La mañana siguiente fue día de ferviente mercadeo en el reino, dos veces al mes, llegaban de lejanas tierras todo tipo de vendedores de especias, alhajas y telas. Néstor y su hermana se mezclaron en el ambiente mercantil para buscar hierbas que aliviaran el dolor estomacal que presentó recientemente su madre. Estando en ello, el portero escuchó a un par de vendedores hablando secretamente sobre el rey con algunos curiosos aldeanos, éstos venían de las regiones del sur y traían carne de pescado, una carne que sólo los nobles podían adquirir; al parecer estaban compartiendo sus sospechas acerca de la extraña manera en la que el soberano Federico el Ecuánime, como solían llamarle sus súbditos, obtenía sus riquezas. Escuchando a una discreta separación, Néstor pudo oír que el lugar en el que se estableció el reino fue una llanura que antes había sido estimada para construir un asentamiento humano, sin embargo, la tierra yerma y la nula presencia de metales u otros minerales en la misma, disuadieron todo intento de residir en ese lugar; fue entonces cuando el portero escuchó la más extraña historia.

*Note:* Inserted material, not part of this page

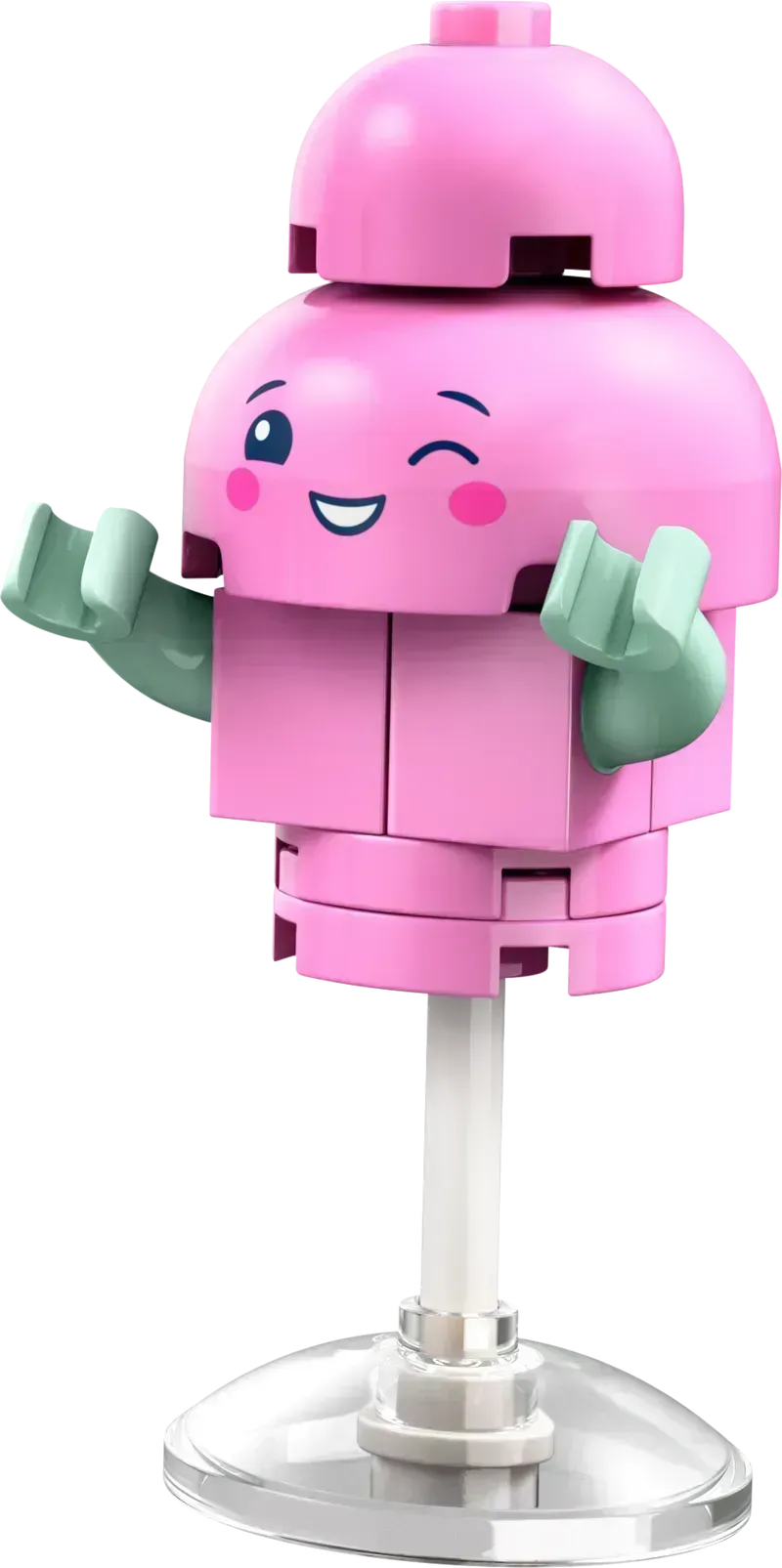LEGO Zuckerwatte- und Knochenautos 42643 Friends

Contaba una leyenda que, no hacía más de sesenta años, aquellas tierras fueron el lugar donde moraba un hechicero de sorprendentes habilidades mágicas, que tenía un gusto afanoso por aparecerse a los viajeros y los comerciantes que pasaban por el camino. Su interés por los hombres no tenía explicación, testimonios de aquellos que tuvieron el infortunio de encontrarse con él aseguraban que, convertido a veces en animal o en hombre, insistía en darle un gran tesoro a aquel que demostrara ser más que el tesoro, repetía en cada ocasión. El mago conocía los profundos deseos de cada individuo y prometía cumplirlos, de esa manera entablaba conversación con el sujeto y convertía las piedras en oro, ofrecía una botella de vino que durara para siempre, o mostraba un elixir para vivir eternamente, por ejemplo, entonces preguntaba: ¿Esto es lo que quieres, lo que te hará dichoso sobre los hombres? La mayoría respondía afirmativamente, aceptaba el regalo del mago, pero aquel gritaba que había fallado la prueba y desvanecía al instante el obsequio; algo similar ocurría con los que se negaban, el mago vociferaba que eran mentirosos y que el pavor era más fuerte que ellos. Todos los hombres despertaban al final del camino sin nada de lo que habían llevado y algunos, con mala suerte, quedaban ciegos o faltándoles una extremidad. Por todo ello los comerciantes, temerosos de más encuentros con el hechicero, se vieron obligados a buscar otro camino que les permitiera llegar a su destino, y lo encontraron, pero era mucho más largo y andaba por escabrosos parajes. Sin embargo, ignorando todas las advertencias, se dice que hubo un hombre que se atrevió a cruzar el camino donde se aparecía el hechicero, todo indicaba que pasó la prueba, pues llegó ileso a su destino, se rumora que la recompensa que le dio el mago fue un cofre mágico que le daba todo tipo joyas preciosas. Así, el hombre consiguió las riquezas necesarias para hacer lo que otros no pudieron hacer en esas tierras: construyó su propio reino.